= Overlay: Contemporary Art and the Art of Prehistory =

Art history book by Lucy Lippard

Overlay, 1983 book cover

Overlay: Contemporary Art and the Art of Prehistory is a book by the American author and curator Lucy Lippard that covers the correlation between contemporary Land art, site specific sculpture and prehistoric earthworks.

Its publication followed her book, Six Years: The Dematerialization of the Art Object.The New York Times describes Overlay as beginning where Six Years left off in 1972, thus highlighting art's forgotten "social origins and communal function" through the act of observing and reflecting upon the "times and places where art was inseparable from larger contexts."

Some of the prehistoric sites Lippard writes of include Avebury and Stonehenge and associated sites such as Silbury Hill. A selection of contemporary artists whose works are described in the book include Robert Smithson (who factors largely in the book), Mary Beth Edelson (and her Goddess performances), Richard Long, and his walking pieces, Nancy Holt (and her Sun Tunnels project), among others.

The author lived in southern England in 1977, in an isolated rural area, with the purpose of escaping from her discontent with the art world.
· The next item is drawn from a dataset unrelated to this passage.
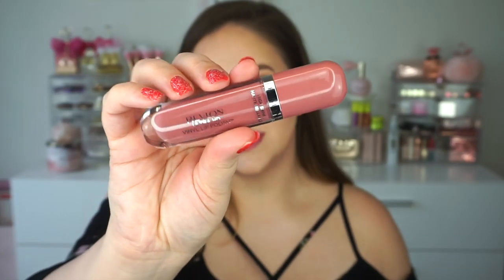Next is Birthday Suit, which is a beautiful light pinky mauve. I love this color — these are definitely my favorite lip colors. I love just a hint of mauve. It's kind of like my lips but better on me personally. They are ultra shiny like a gloss but not super sticky. They're really living up to that vinyl shine because they are very shiny and reflective.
While walking, she tripped over an upright standing stone in Dartmoor, and looking back behind her, she realized that she was in the middle of a long row of upright standing stones..."it took me a moment to understand that these stones had been placed there almost 4,000 years ago, and another moment to recognize their ties to much contemporary art."

==Critical reception==
The book has been reviewed in The New York Times, Artforum Magazine, Woman's Art Journal, Art Documentation journal, among other publications.